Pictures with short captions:
· · · ·

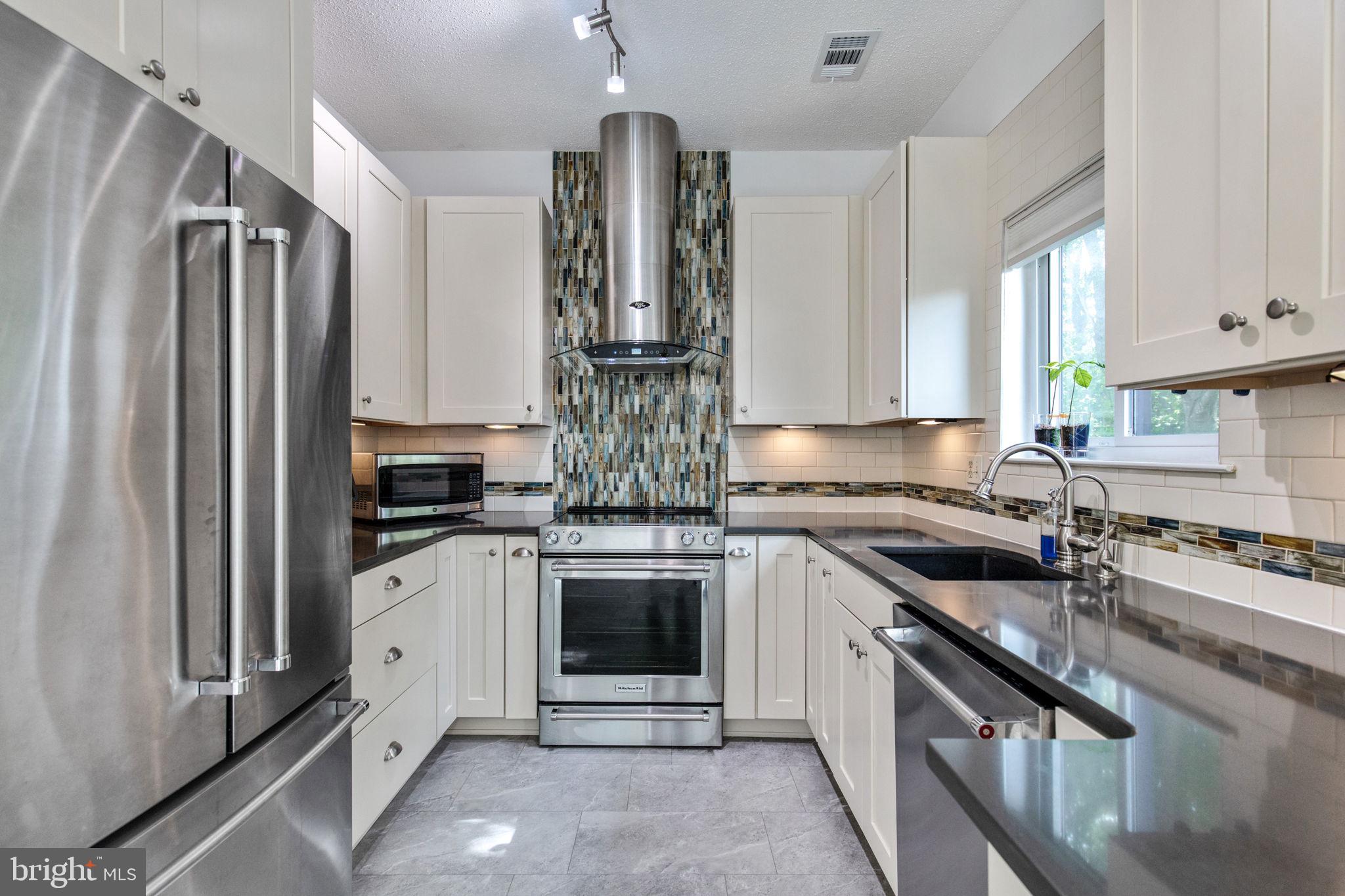 VILLARIDGE - Residential Lease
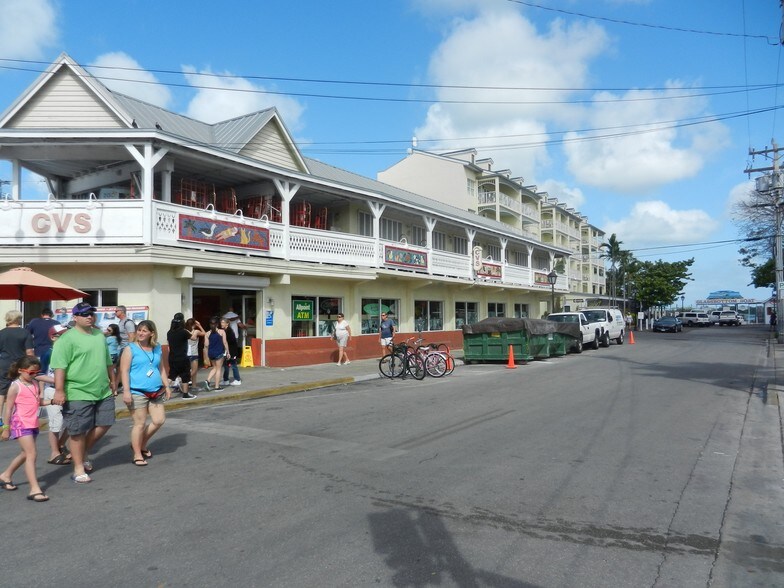 More Photos Of 12 Duval St, Key West Restaurant For Lease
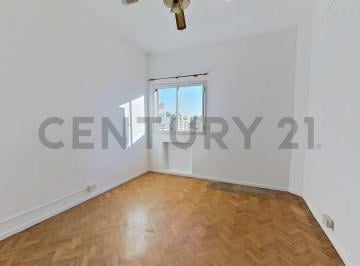 Departamento · 40m² · 2 Ambientes · 2 Ambientes en Piso Alto Sobre Av San Juan Al 1900 en San Cristobal
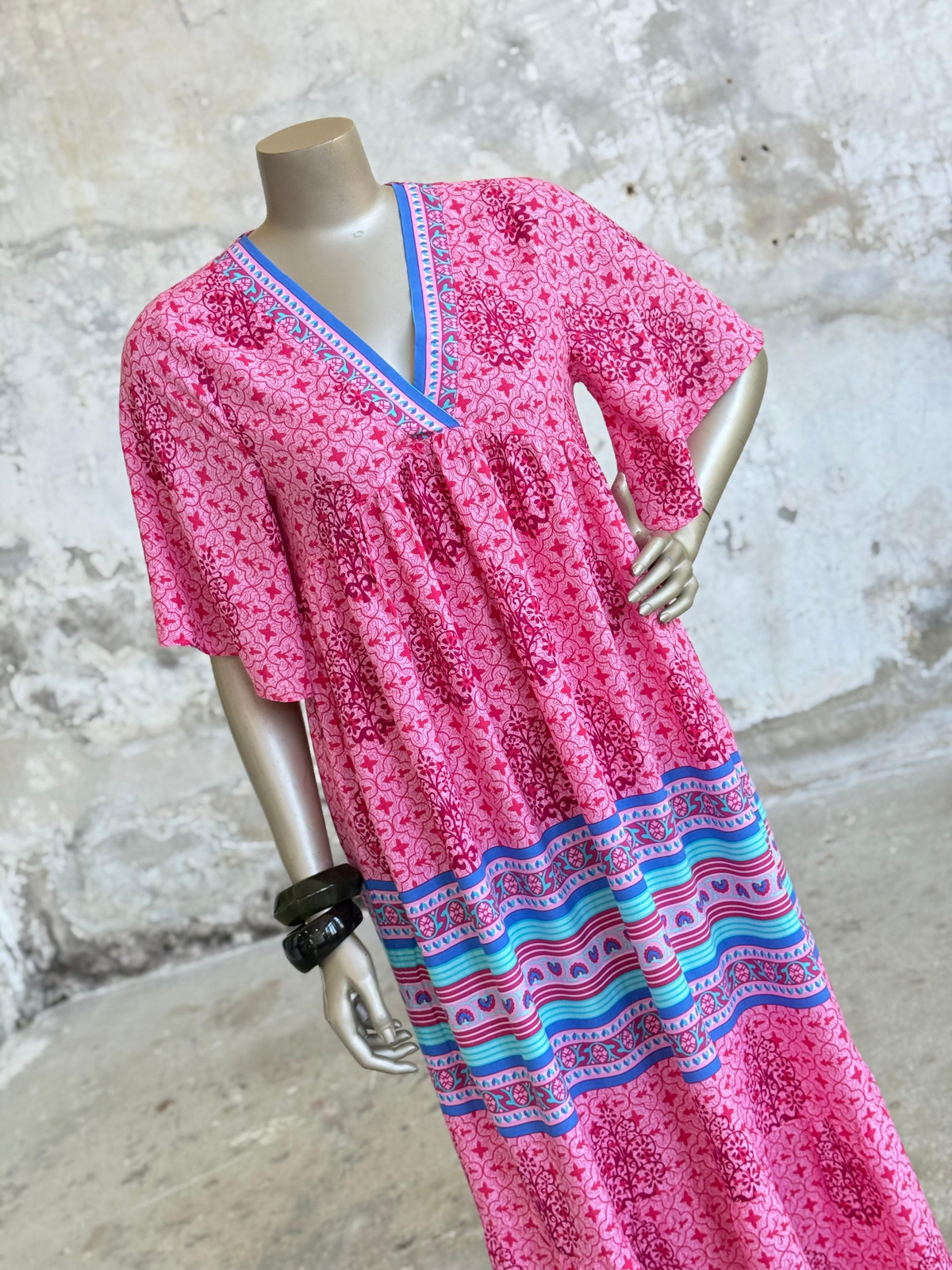 V Yaka Etnik Desenli Basic Elbise (Pembe)
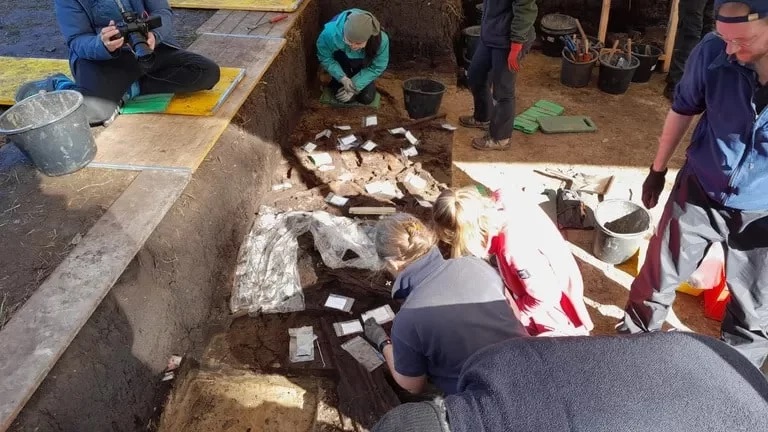 Arkeologlar, Kuzey Almanya’da bilinen en eski mezar alanını ortaya çıkardılar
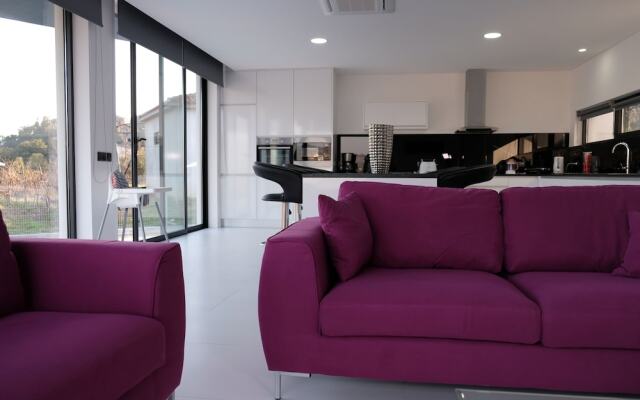 Lovely Design 4-bed Villa in Canedo de Basto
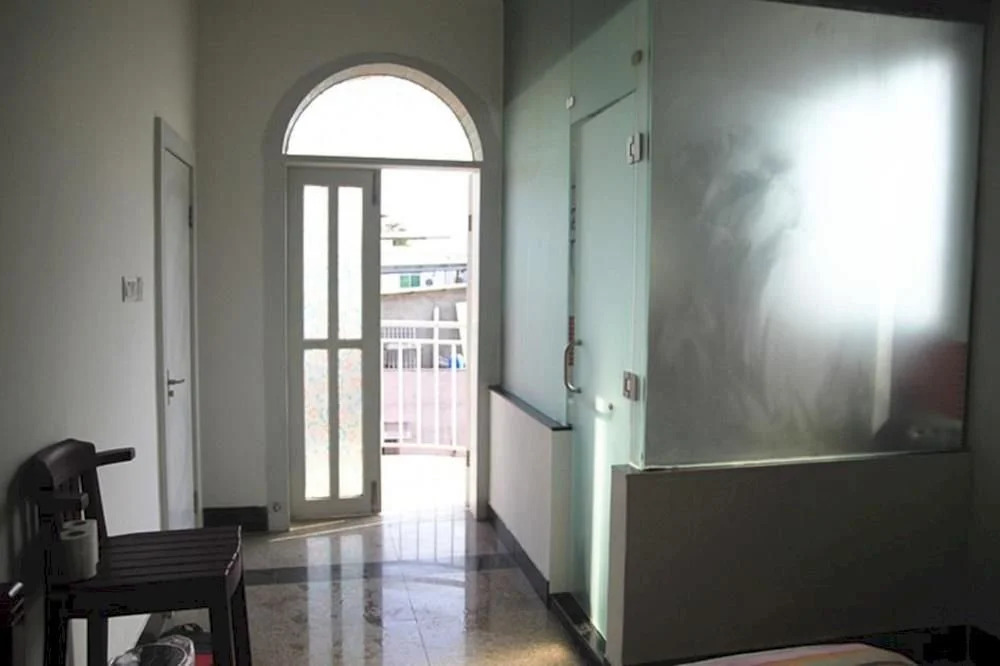 Ximen Tahiti Hostel
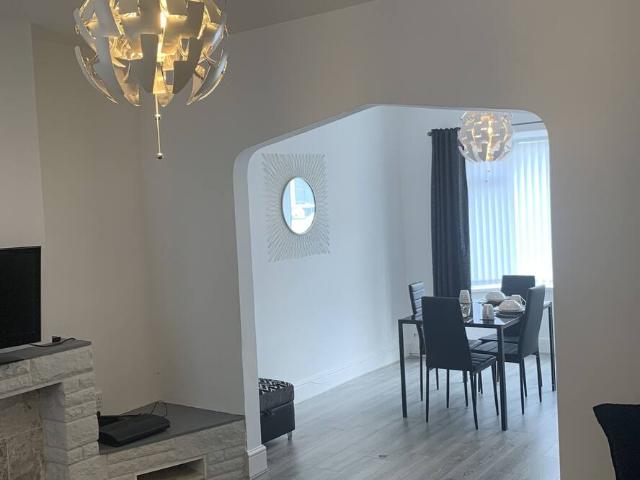 Sandwell, B66 4ED, United Kingdom | 2 bed house for rent #97189673 | Rentberry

· · · ·

Could you output all of the records exactly, without their pictures?

Exercise answer ▸
 VILLARIDGE - Residential Lease
 More Photos Of 12 Duval St, Key West Restaurant For Lease
 Departamento · 40m² · 2 Ambientes · 2 Ambientes en Piso Alto Sobre Av San Juan Al 1900 en San Cristobal
 V Yaka Etnik Desenli Basic Elbise (Pembe)
 Arkeologlar, Kuzey Almanya’da bilinen en eski mezar alanını ortaya çıkardılar
 Lovely Design 4-bed Villa in Canedo de Basto
 Ximen Tahiti Hostel
 Sandwell, B66 4ED, United Kingdom | 2 bed house for rent #97189673 | Rentberry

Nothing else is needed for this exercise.